Иван с трудом утащил его в кухню, на диван, для ночного покоя. Тяжелый старик, когда-то могучий. Теперь — квелый, обрюзглый.
Хозяина уложив, Иван еще долго сидел во дворе. Обычно он возвращался с промысла поздно. Ужинал и сразу спать. Нынче получилось по-другому. И спать не хотелось. Неволею вспоминались стариковы пьяные речи, которым верить ли… Но теперь он точно вспомнил Кудрю, каким тот когда-то был, на заводе. Парень приметный: синеглазый, улыбчивый, широкоплечий. Красавец. Особенно после смены, после мытья в душе. Волосы золотистые, крупными локонами, белолицый, с румянцем, глаза большие, синие — просто Иван-царевич. Потом он ушел в рыбколхоз, на большие заработки. Теперь вот здесь. Наверное, до конца. Конечно, жалко его. Но ведь — взрослый человек… Вспомнил Веру-кухарку. По ней ведь ничего не заметно. Баба как баба. Здоровая, крепкая и веселая. Но как испугалась… Значит, есть чего бояться. О мальчонке, который погиб, не хотелось и думать. Может, это пьяные бредни. Но думалось с болью. И даже с каким-то страхом. Тьма вокруг: во дворе, в доме, в огороде, в саду. На подворье басакинском — фонари, но они — лишь там, в своей стороне. Хутор и вся округа утонули в густой осенней тьме. Но светит небо. Все больше и больше звезд. Все ярче. Но холоден свет их.
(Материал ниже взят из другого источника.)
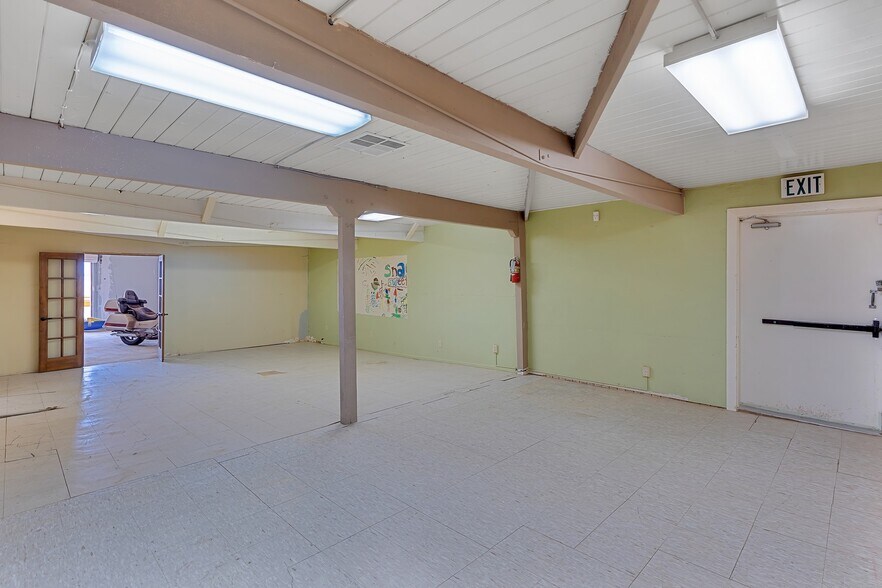 More Photos Of 2124 Thomas R Cannell Rd, Thermal Office For Sale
Вспомнились ребятишки свои. Подступали выходные дни. Надо бы их привезти сюда. Особенно младший, Тимошка, просился. Подумал о детях, и стало на душе теплее, спокойнее. Свое — ближе.
Ночью Иван спал как всегда. Утром проснулся, сразу Тимошку вспомнил, решил твердо: сегодня привезет жену и детей. Пусть продышатся, развеются. Все же — осень. И впереди — непогода.